The 45,875 prisoners were granted amnesty following the ratification of an amnesty bill by the Ethiopian House of Peoples' Representatives (HoPR), the Ethiopian parliament's lower house, in June last year, state affiliated Fana Broadcasting Corporate (FBC) reported.
According to the Ethiopian Federal Attorney General, among the large number of prisoners that have benefited from the amnesty law include political prisoners, journalists, as well as various other former Ethiopian government officials.
In addition to the large-sacle release of prisoners, the law also granted an amnesty to exiled Ethiopians, who were for decades considered as terrorists with arrest warrant on their name, to return to the East African country and pursue political life in a peaceful manner.
Among the released terrorism-related convicts include the former prominent rebel leader, Andargachew Tsige, a British citizen of Ethiopian origin, who had served a prison sentence since June 2014, for leading and directing an outlawed rebel group Patriotic Ginbot 7 (PG7), based mainly in Ethiopia's former archrival Eritrea.
Tsige's release, which the attorney general said was on a "special amnesty rationale", followed the Ethiopian government's announcement to release former high-profile Ethiopian government officials as well as other political prisoners.
Among the former Ethiopian government officials whose cases dropped over the past year also include Melaku Fanta, the former Director General of the Ethiopian Revenues and Customs Authority with the rank of a Minister, and his deputy, Gebrewahed Woldegiorgis, who was arrested in 2013 together with 11 other individuals suspected of involving in large-scale corruption.

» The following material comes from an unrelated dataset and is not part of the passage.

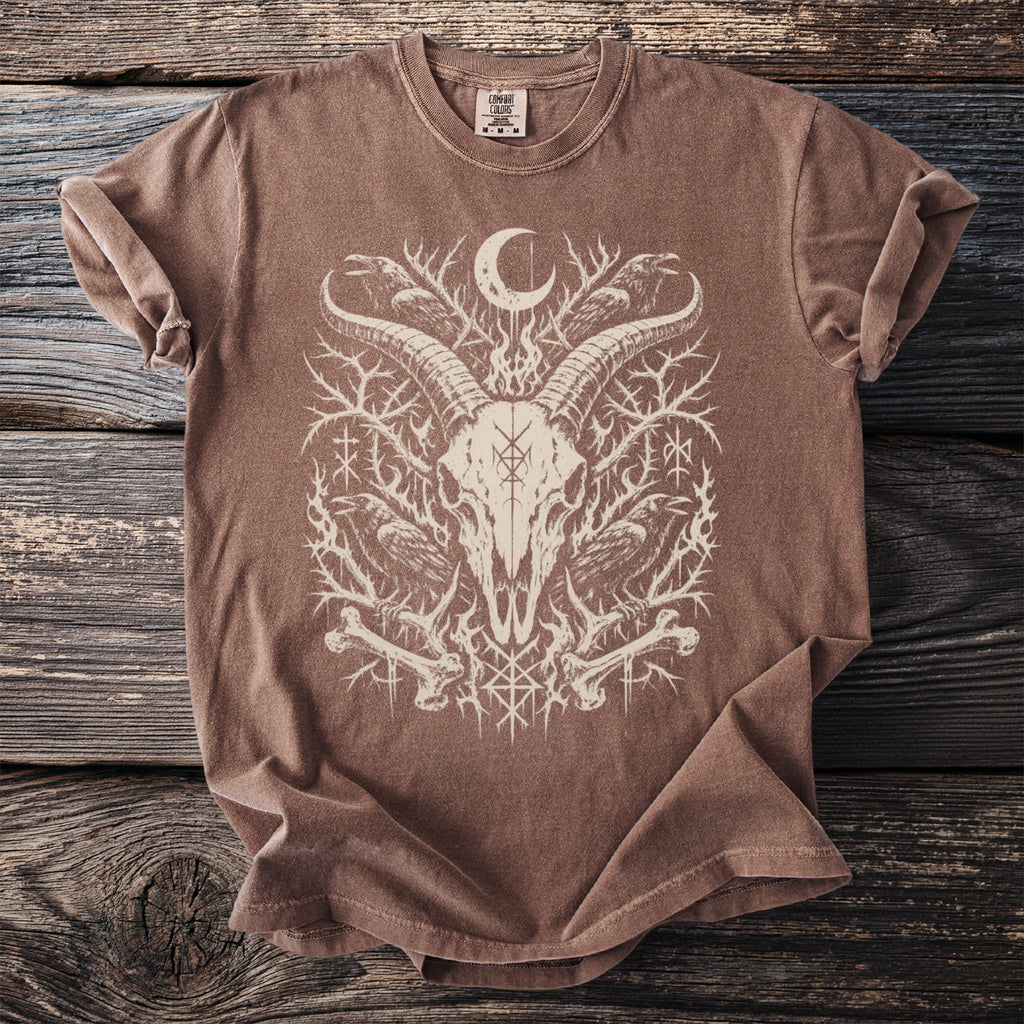 Brown t-shirt with occult graphic of goat skull, ravens, moon, and runes.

The amnesty program, which the Ethiopian government said is a means towards national reconciliation and unity, has seen the release of thousands of prisoners and others under investigation since Abiy Ahmed's election as Prime Minister of Ethiopia in April last year.
The Ethiopian government characterized the mass prisoner release programs as part of its efforts to widen political space by creating national consensus and reconciliation, in which regional states across the East African country also conducted similar large scale prisoners release over the past year.